Shopify is not the only SaaS platform and there are other global options such as BigCommerce and Volusion, and each country also has local operators like Finland's Vilkas and MyCashflow. There is room for these domestic operators and they have their own customer segments. These options are often slightly more affordable than Shopify and in some parts they are more localised.

Choosing us is based on our desire to help our customers grow and become more international. With the help of Shopify, the technologies that complement it and our great partners we can bring global benefits to all companies and vendors in a localised way.

What does the future hold?

SaaS and other cloud solutions (e.g., customised, microservice-based PaaS [Platform as a Service] solutions) will become mainstream across all sectors. The financial benefits for the customers are so great that this change is only a matter of time.
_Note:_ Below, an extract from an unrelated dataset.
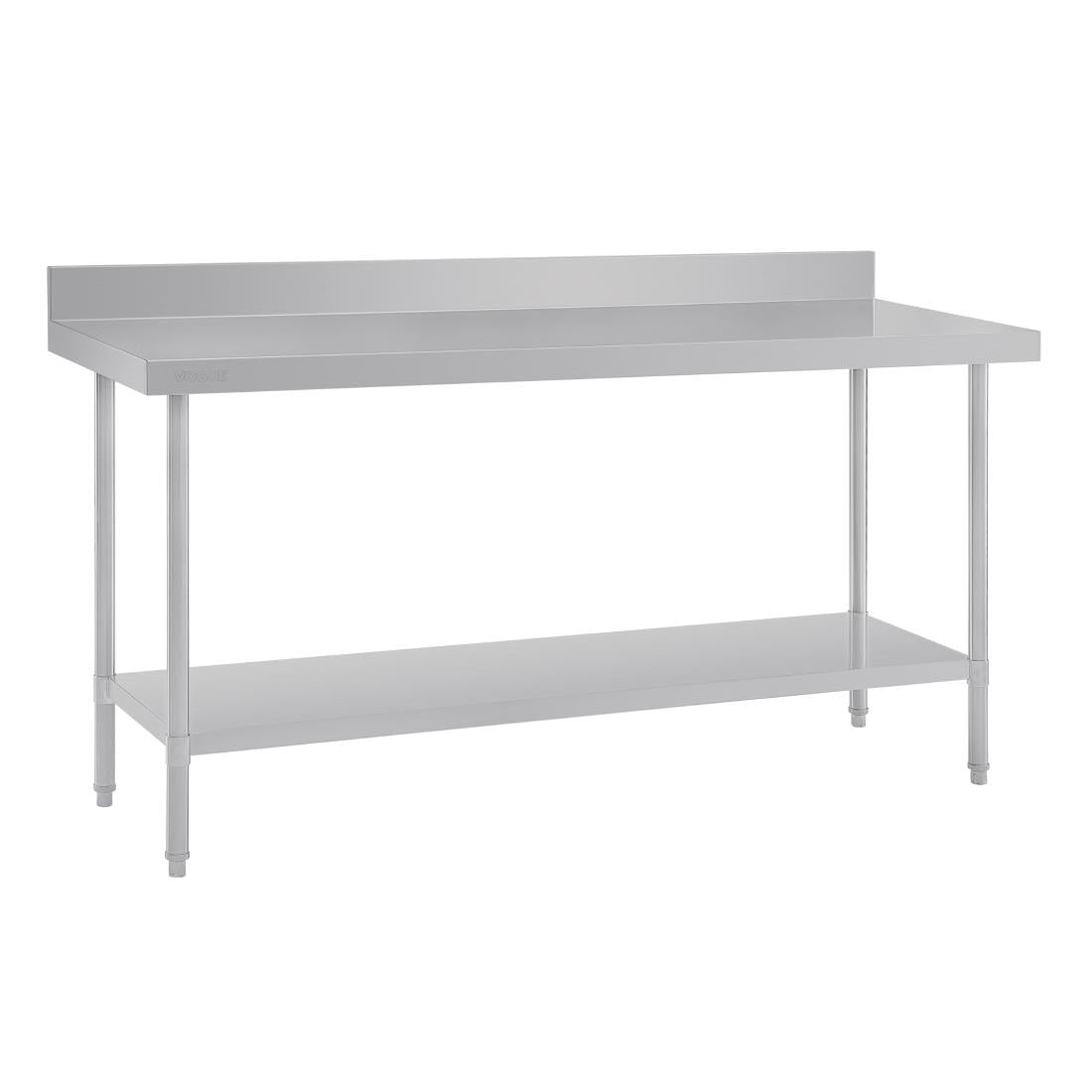 Vogue Premium Stainless Steel Table with Splashback 1500mm - DA340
While SaaS and cloud technologies are not new as such – after all, they have been invested in for a decade now – they are still at the beginning of their life cycle in terms of utility. It is our job to monitor new developments and changes in technology and find the next revolution for our customers.

We are by our customer's side and support them in making the right calls and finding the right path whether the matter concerns strategy, personnel, operations or technologies. Technology cannot be the only solution to business problems, but bad choices can sink the whole ship. We do not recommend our solutions or services unless we think that they can benefit the customer. After all, we can only succeed if our customers succeed on the long term.